Playing with a lead suited the District 17 Democrats.
Riding a national pro-progressive wave and local surge of registrations, Sen. Meg Burton Cahill and Reps. Ed Ableser and David Schapira were re-elected to their offices, based on returns from nearly 80 percent of the polls.
This was the first time in recent memory the Democratic Party successfully defended an East Valley district’s three seats. District 17 takes in Tempe and south Scottsdale.
Burton Cahill beat Republican challenger Jesse Hernandez by 23 percent. The margin was almost identical to what she received two years ago in successfully making the jump from the House to the Senate.
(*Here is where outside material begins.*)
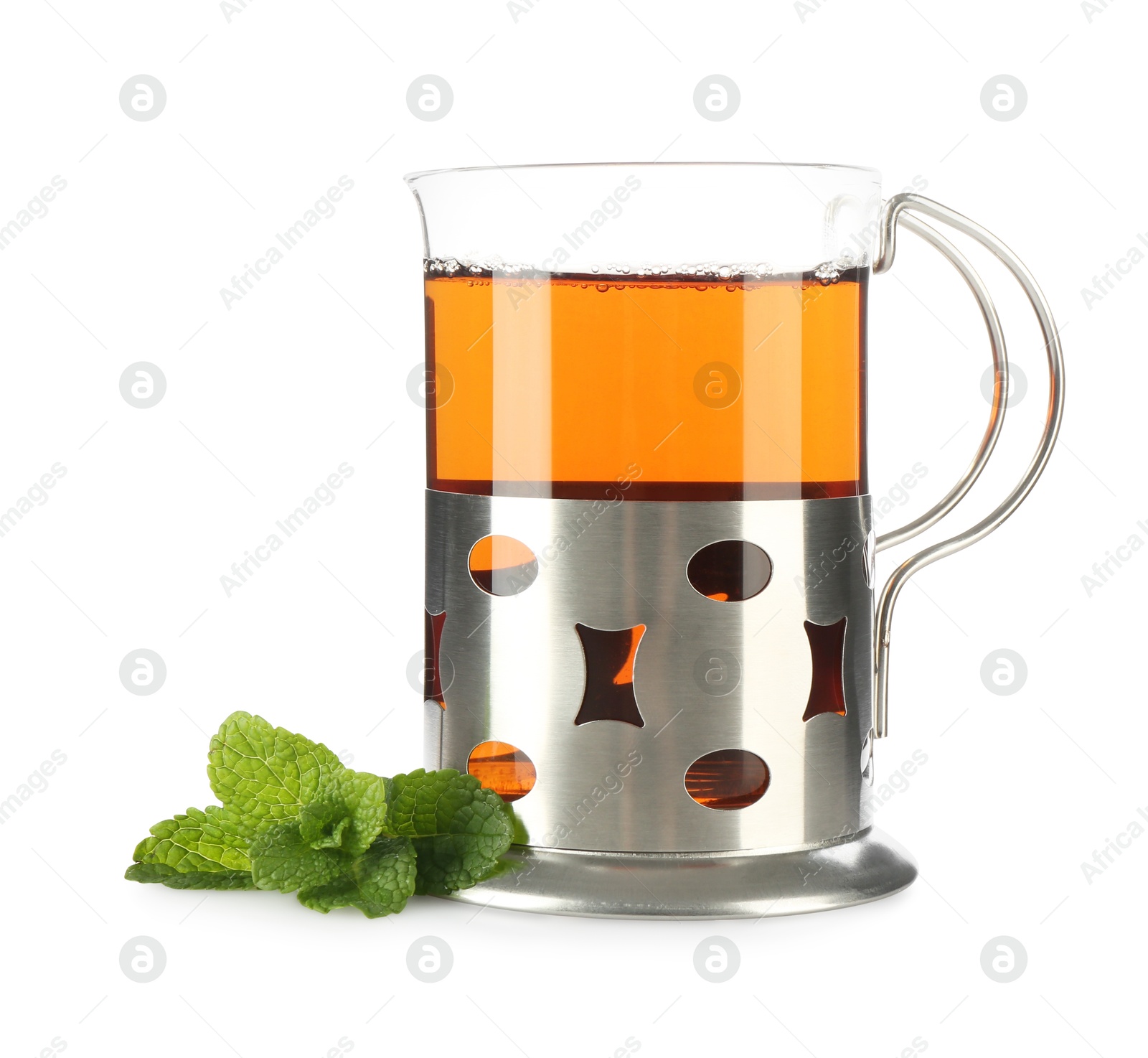 Photo of Glass of aromatic tea in holder and mint isolated on white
In the House, Schapira collected 31 percent of the votes and Ableser took in 29 percent. Both are first-term incumbents.
Falling short were the GOP’s Mark Thompson (22 percent) and Wes Waddle (18 percent). Thompson was seeking to regain the seat he lost in the 2004 Republican primary.
A big factor in the race’s outcome was not the candidates, but the voters.
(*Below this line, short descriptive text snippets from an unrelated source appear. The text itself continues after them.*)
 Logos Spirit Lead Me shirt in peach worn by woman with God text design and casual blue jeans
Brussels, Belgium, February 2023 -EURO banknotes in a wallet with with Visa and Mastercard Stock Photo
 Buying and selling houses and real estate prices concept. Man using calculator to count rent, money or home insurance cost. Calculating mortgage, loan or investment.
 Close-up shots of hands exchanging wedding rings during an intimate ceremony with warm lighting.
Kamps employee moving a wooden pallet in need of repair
Until this election cycle, the Democrats had never held an edge in the district’s voter registration. According to the final figures released by the Secretary of State’s Office, the Democratic Party led the GOP by nearly 3,700 voters in the district, an advantage of 4.5 percentage points.
As for the campaign itself, the most notable issue was a series of signs attacking Ableser and Burton Cahill for stands perceived as too lenient on illegal immigration.
The signs were posted by the sign maker for Hernandez and Thompson.
The largest local issue was Gov. Janet Napolitano’s economic stimulus plan, which is centered on infrastructure improvements at the state’s three public universities.
District 17 takes in Arizona State University.
The Democratic incumbents, as could be expected, back the stimulus package. But the Republicans believe the state should save its money.